READERSVOICE.COM: Can you recommend a few books you’ve read since the last interview and say what you liked about them?
BARRY ANDREWS: The Edgier Waters (a compilation of writing from 3AM magazine: some great stuff about the US power cuts, from Sonic Youth – encouraging the view that not all us musos are illiterate dullards), and a brilliantly crazed pseudo hardboiled cop story from a bloke called Steve Aylett: fantastically inventive language.)
Will Self’s Book of Dave -a dystopic vision of a future London whose religion and culture are based around the poisonous journal of a present day cab driver called Dave. I like Self’s work but always thought it tended to, well, sprawl a bit. Here he keeps it focused and creates a bit of a classic, I think.
Dolores Hayden’s A Field Guide to Sprawl: fantastic little book of aerial photos of modern sprawl features, described in a dispassionate, pragmatic way. Examples: TOAD (temporary, obsolete, abandoned, derelict); LULU (locally unwanted land use -say a slaughter house or sewage farm); ALLIGATOR (an investment producing a negative cash flow) and many more. A scary little beacon of the future.

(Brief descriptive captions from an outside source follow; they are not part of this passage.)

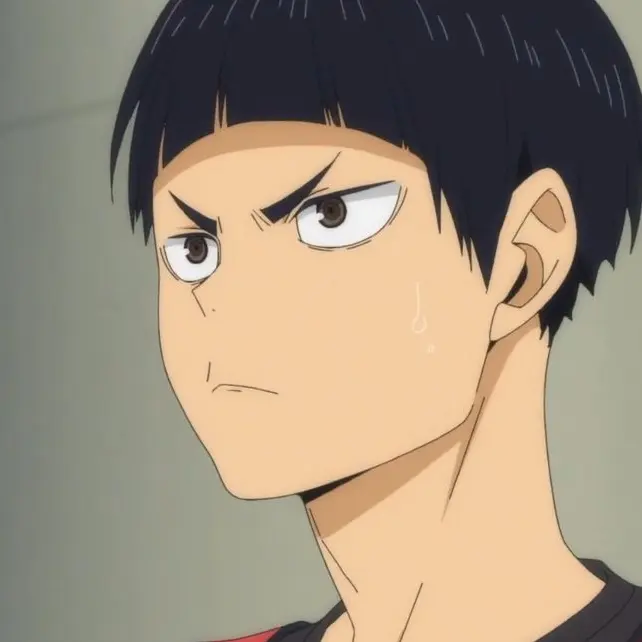 Haikyuu819의 고시키 츠토무 🎄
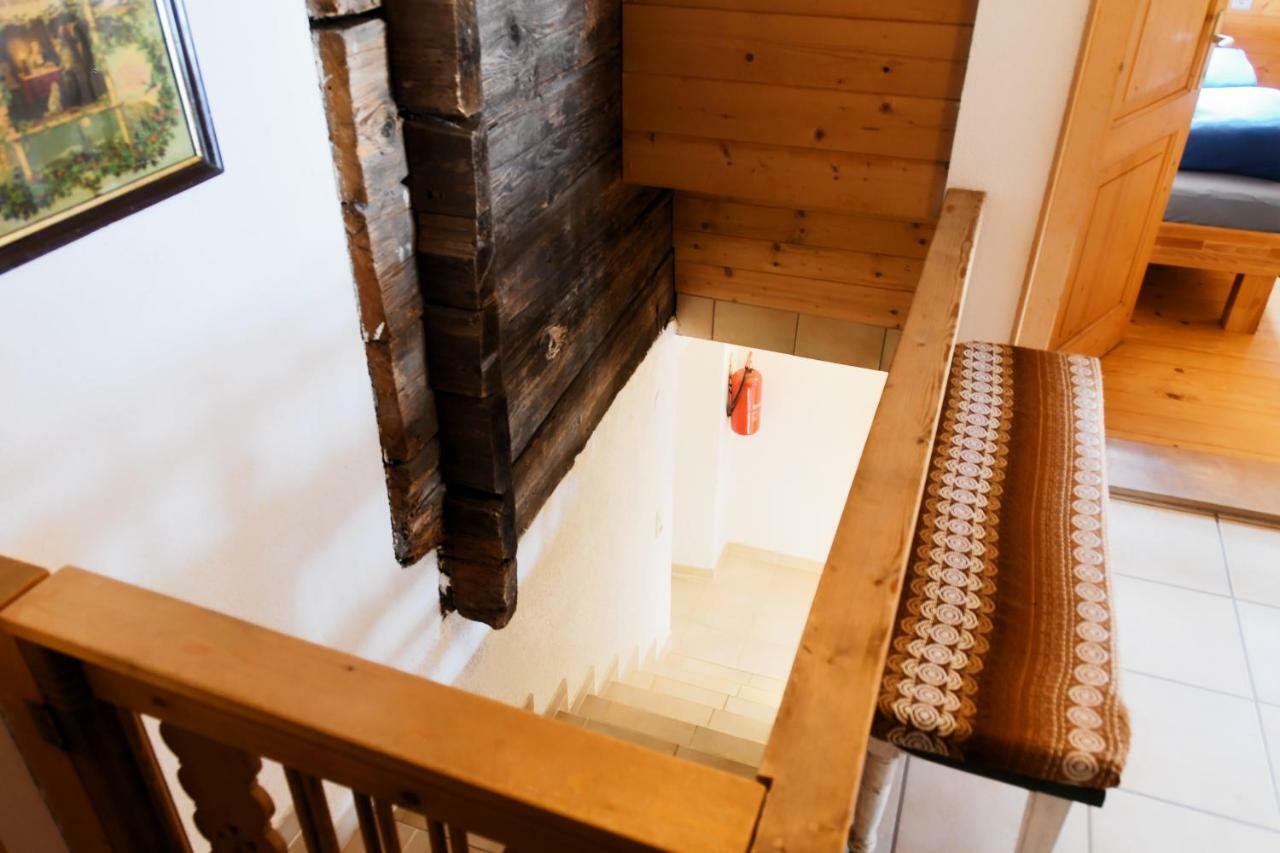 Landhaus Tenne Bartholomäberg 외부 사진
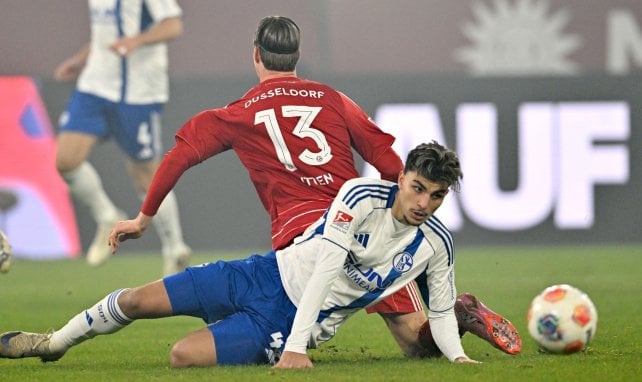 Schalke: Ayhan lehnt Millionen-Angebot ab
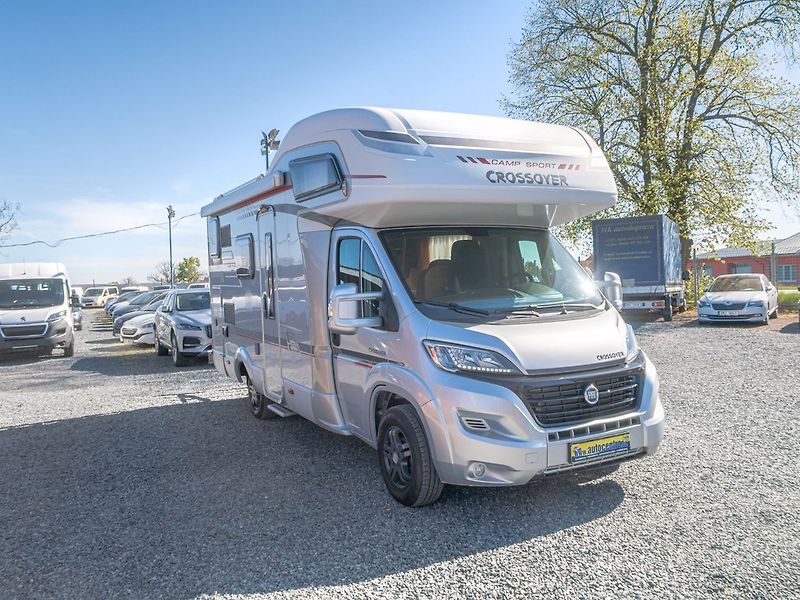 Hymer (2009) 2.3JTD 96KW - fotka 3 z 78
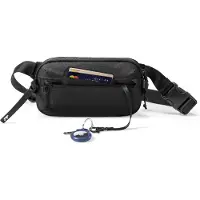 Tomtoc Aviator-T33 rintalaukku, 1,5 l, musta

RV: What sorts of specialist magazines or periodicals do you read, and which papers and magazines?
BA: The Guardian on Saturday -a four cups of tea in bed ritual now.
The scurrilous Viz magazine (source of ‘Clown’s Pie’ on ‘Devils’ Onions’) and sometimes Sound on Sound (the chief of hi-tech wank mags), but only when I have money to spend on all the new equipment without which I am all too readily persuaded to believe that my life is worthless.

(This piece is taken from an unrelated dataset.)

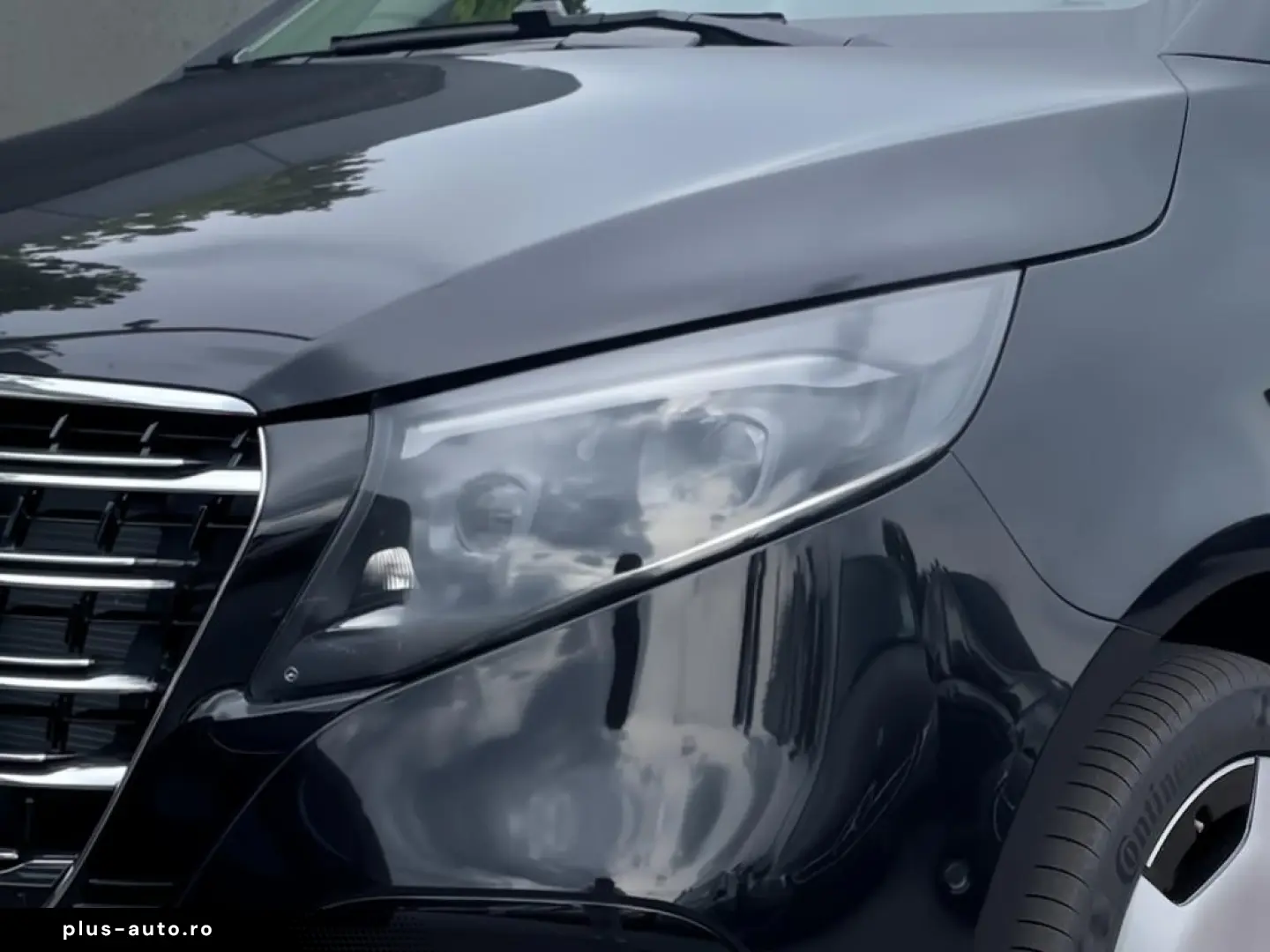 MERCEDES-BENZ V 300 d 4M EXCLUSIVE Lang StHz Pano Augmented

RV: I was wondering what sorts of poets or poetry you liked. I know you’ve sampled T.S. Eliot in the past, and form-wise you’ve mentioned the influence of Bob Dylan’s multi-verse big songs on Devils’ Onions on your new album, Glory Bumps.
BA: Just discovered the difficult poems of Wallace Stevens (I had only read ’16 ways of looking at a Blackbird’ before; turned onto that by Robert Harbison’s book: ’13 ways..’ in which he looks at architecture, poetically and in -er- 13 ways. I then parodied both of these in my -deeply low-grade- ’50 ways of Looking at a Cormorant’ series of cards which accompanied the promotional eggs from the last album). Phew.
Anyway, Wallace Stevens is a trip even when he isn’t counting the ways he looks at things. Something glacial and jewel-like about his work which doesn’t give itself up easily.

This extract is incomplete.